Satisfaction and loyalty contribute to many other positive business outcomes. Want to reduce subscriber churn, cut subscriber acquisition costs, grow customer lifetime value, and increase subscriber referrals? Develop a subscriber experience strategy that will delight and keep them coming back for more. 

Focus on Subscriber Experience—and Achieve 356 Percent Higher Than Average NPS 

The first step in developing a subscriber experience strategy is understanding all the touchpoints that your subscribers have across the different organizations within your business. You then need to measure subscriber perceptions of transactions with your company, how they felt about the interactions, and their views of the experience you deliver. According to a 2021 study from Omdia and Calix, almost 50 percent of BSPs use customer-focused metrics like Net Promoter Score (NPS) and customer satisfaction (CSAT) scores to gain insight on subscriber happiness. But getting this baseline is just the start of the journey. You need to use these powerful indicators to monitor subscriber sentiment on an ongoing basis and make necessary improvements across your business.

We recently spoke with Nick Colton of ALLO Communications (ALLO) and Sharon Hayes at Horry Telephone Cooperative (HTC) about their companies’ approach to NPS. These long-standing Calix customers have made NPS a key part of their overall subscriber experience strategy—and the results have been phenomenal. Each with a staggering NPS of +73, ALLO and HTC boast satisfaction levels up to 356 percent higher than the industry average NPS.  

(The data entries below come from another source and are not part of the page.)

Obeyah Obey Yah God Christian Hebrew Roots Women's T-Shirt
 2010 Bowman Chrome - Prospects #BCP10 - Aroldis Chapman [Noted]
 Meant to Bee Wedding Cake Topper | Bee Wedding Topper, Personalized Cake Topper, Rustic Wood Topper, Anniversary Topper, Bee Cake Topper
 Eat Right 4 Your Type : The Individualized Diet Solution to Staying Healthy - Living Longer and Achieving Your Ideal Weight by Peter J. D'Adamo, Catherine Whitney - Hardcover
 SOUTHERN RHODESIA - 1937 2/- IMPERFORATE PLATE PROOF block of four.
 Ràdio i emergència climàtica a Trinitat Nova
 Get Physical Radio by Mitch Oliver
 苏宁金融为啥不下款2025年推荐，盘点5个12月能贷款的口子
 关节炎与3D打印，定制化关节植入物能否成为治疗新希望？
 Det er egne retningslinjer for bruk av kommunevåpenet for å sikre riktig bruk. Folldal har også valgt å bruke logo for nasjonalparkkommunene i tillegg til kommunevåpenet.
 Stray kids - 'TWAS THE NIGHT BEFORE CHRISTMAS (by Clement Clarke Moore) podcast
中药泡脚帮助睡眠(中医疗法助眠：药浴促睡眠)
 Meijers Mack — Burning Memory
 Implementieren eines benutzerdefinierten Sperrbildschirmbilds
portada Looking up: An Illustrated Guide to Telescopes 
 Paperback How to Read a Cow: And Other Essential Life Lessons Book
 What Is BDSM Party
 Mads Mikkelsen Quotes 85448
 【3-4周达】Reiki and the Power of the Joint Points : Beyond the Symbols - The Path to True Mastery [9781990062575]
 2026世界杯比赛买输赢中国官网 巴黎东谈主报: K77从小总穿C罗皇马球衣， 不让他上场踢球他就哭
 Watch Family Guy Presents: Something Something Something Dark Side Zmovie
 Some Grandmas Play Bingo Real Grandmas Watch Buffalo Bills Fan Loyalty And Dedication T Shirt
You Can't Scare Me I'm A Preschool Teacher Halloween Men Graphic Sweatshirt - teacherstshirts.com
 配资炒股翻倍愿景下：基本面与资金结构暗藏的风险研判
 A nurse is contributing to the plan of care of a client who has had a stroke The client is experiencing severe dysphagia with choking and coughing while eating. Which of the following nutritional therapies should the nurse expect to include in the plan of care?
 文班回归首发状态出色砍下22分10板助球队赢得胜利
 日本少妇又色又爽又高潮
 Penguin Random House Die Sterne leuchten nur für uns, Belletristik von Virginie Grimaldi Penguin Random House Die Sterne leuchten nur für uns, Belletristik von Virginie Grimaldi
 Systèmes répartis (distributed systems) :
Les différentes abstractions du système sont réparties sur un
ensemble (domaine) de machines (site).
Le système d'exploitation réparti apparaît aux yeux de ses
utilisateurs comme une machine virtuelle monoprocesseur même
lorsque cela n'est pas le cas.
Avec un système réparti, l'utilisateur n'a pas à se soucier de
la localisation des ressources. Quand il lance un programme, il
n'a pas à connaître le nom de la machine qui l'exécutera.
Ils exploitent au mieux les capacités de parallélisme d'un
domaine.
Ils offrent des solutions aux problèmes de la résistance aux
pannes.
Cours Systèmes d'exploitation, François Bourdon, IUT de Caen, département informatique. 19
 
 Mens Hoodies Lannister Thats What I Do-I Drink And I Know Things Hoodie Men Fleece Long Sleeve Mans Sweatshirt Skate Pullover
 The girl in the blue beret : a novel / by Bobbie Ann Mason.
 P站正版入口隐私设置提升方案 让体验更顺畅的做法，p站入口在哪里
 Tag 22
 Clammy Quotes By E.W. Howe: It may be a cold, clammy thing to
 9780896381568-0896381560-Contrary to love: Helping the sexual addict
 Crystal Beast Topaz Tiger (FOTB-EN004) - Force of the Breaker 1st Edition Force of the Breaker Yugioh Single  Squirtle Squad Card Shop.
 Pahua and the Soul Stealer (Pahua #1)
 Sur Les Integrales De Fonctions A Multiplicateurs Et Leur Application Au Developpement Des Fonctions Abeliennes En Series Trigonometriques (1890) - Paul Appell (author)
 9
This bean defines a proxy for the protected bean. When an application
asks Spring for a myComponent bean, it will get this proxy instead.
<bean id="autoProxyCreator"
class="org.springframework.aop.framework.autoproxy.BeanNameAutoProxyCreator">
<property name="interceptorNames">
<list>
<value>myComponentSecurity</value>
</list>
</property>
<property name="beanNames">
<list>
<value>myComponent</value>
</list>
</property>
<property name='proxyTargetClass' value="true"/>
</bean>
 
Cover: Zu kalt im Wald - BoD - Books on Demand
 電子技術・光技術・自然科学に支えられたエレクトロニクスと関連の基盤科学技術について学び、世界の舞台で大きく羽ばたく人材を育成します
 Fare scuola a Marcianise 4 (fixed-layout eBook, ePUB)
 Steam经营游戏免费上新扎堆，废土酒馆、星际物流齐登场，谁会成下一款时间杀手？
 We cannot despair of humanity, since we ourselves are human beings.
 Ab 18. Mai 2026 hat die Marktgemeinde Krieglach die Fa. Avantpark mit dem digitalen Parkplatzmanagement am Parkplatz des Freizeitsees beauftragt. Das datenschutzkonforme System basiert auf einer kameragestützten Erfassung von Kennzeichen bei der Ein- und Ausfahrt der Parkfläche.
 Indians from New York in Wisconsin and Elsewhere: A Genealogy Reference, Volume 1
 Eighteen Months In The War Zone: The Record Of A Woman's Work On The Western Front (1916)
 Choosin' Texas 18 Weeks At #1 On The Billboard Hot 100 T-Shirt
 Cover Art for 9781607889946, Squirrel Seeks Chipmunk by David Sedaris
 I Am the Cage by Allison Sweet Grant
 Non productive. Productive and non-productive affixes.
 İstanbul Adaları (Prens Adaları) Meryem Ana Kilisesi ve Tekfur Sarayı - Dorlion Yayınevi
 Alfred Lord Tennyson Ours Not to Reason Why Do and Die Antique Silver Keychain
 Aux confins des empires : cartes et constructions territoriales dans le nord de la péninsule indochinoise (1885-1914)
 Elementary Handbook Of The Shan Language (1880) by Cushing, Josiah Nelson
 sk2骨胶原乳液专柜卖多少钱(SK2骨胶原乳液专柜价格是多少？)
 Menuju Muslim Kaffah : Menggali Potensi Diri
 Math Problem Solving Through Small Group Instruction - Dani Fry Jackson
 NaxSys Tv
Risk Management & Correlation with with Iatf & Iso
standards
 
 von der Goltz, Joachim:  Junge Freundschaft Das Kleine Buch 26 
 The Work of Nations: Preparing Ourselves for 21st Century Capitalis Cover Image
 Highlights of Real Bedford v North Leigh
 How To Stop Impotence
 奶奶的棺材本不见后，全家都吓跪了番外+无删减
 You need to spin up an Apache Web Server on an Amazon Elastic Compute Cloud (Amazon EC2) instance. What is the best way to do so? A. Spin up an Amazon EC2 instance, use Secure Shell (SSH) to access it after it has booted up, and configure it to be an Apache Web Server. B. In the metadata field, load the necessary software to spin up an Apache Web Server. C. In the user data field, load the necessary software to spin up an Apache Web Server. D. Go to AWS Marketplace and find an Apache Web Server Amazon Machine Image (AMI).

Drawing on more than a decade of experience with NPS, they shared lessons they’ve learned along the way. Here are five of their best practices to help you succeed with NPS. 

1. Ensure you have top-level buy-in. An NPS program is a company-wide commitment to examining and improving subscribers’ perception of your services, your employees, and your brand. It is critical that the entire organization aligns behind and participates in the effort. That starts at the top—leaders need to be champions. 

2. Map activity to the subscriber journey. Treat each step along the subscriber journey as an opportunity to gauge satisfaction. Welcome them to your family with a post-installation survey. Check in with them after you send them their first bill. Get their feedback after your support team closes a trouble ticket. Make sure subscribers are aware of new services. Celebrate your subscribers’ service anniversary or even their birthday. Each of these touchpoints allows you to reinforce your commitment to subscriber satisfaction. 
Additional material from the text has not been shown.